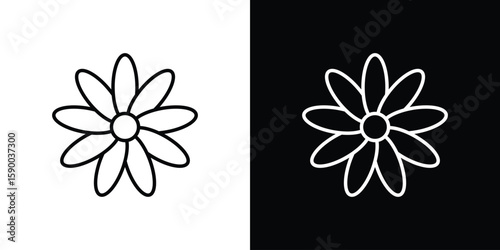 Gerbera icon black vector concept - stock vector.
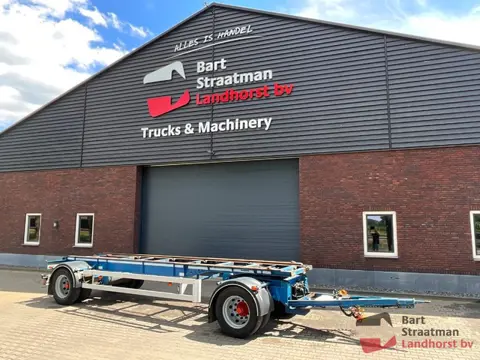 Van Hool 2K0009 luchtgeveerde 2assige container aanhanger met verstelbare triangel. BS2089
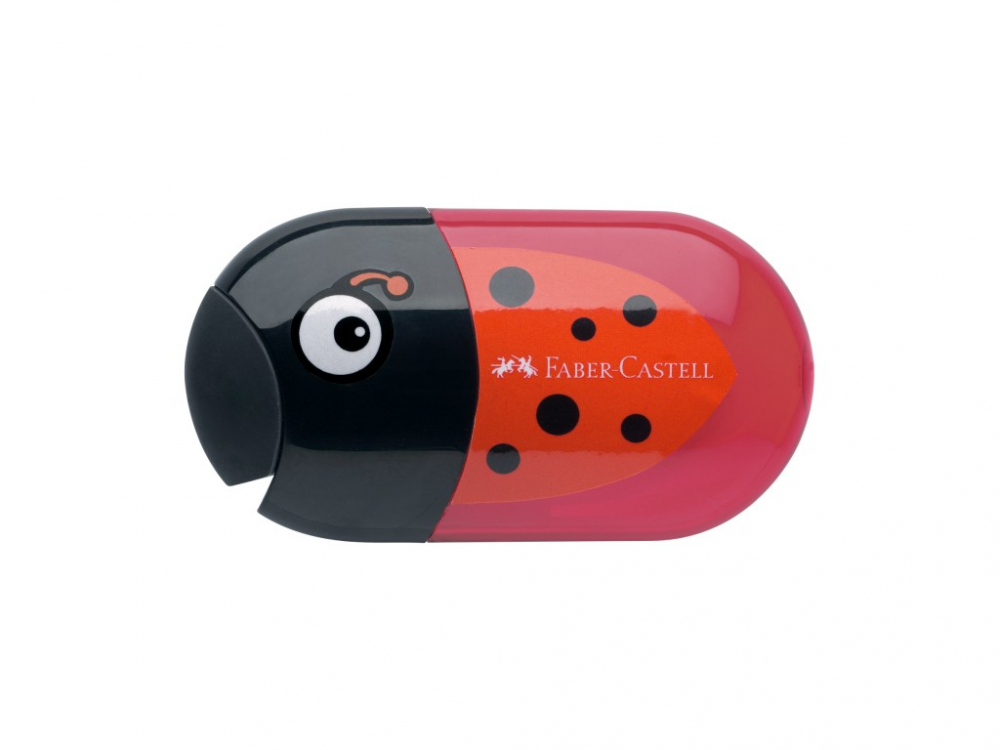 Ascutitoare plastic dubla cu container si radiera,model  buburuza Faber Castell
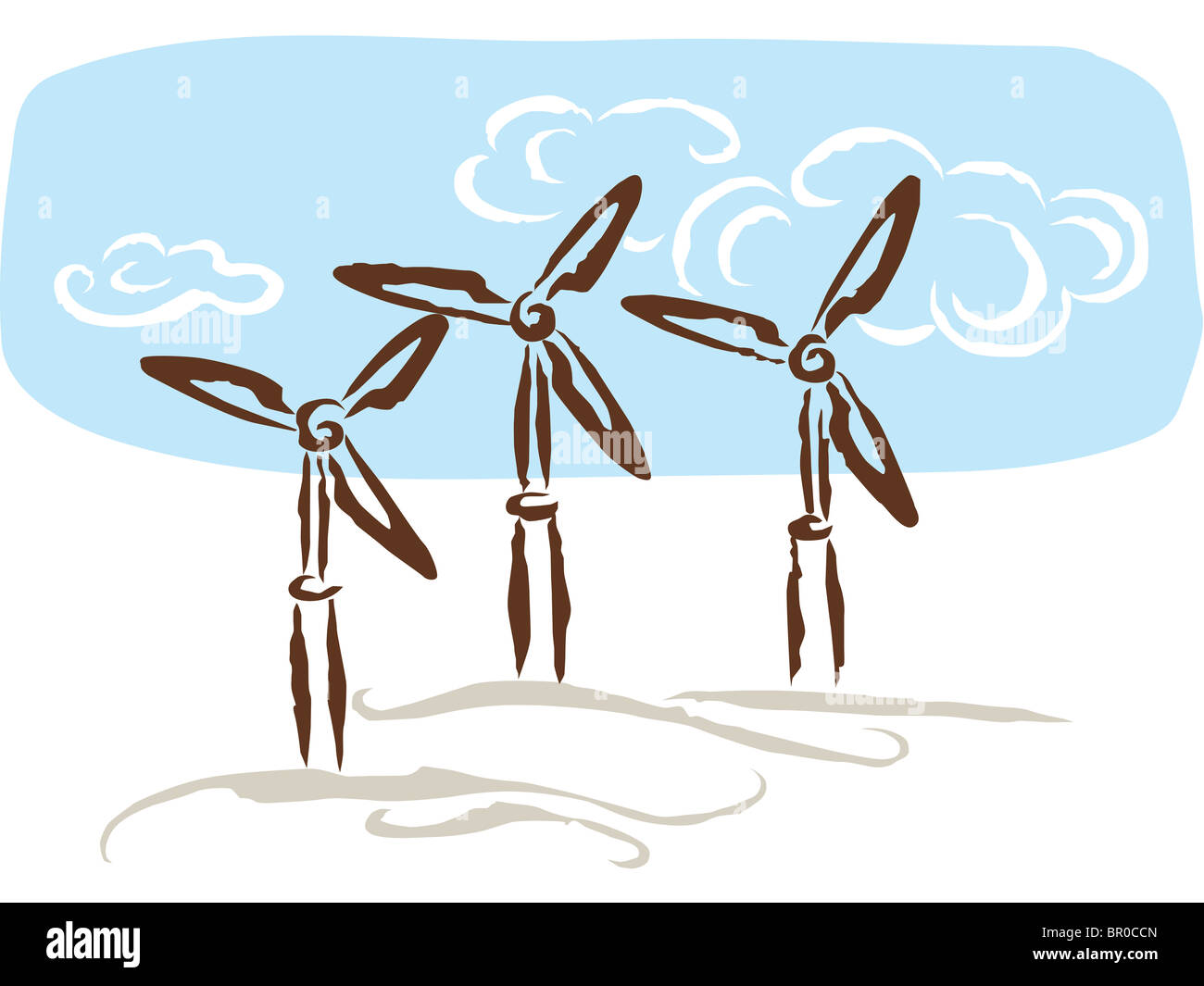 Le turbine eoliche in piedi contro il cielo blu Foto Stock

* _INSTRUCTIONS TO FOLLOW_: Everything in the listing should be copied exactly, apart from the images it holds.

* _RESULT OF THE TASK_:
 Gerbera icon black vector concept - stock vector.
 Van Hool 2K0009 luchtgeveerde 2assige container aanhanger met verstelbare triangel. BS2089
 Ascutitoare plastic dubla cu container si radiera,model  buburuza Faber Castell
 Le turbine eoliche in piedi contro il cielo blu Foto Stock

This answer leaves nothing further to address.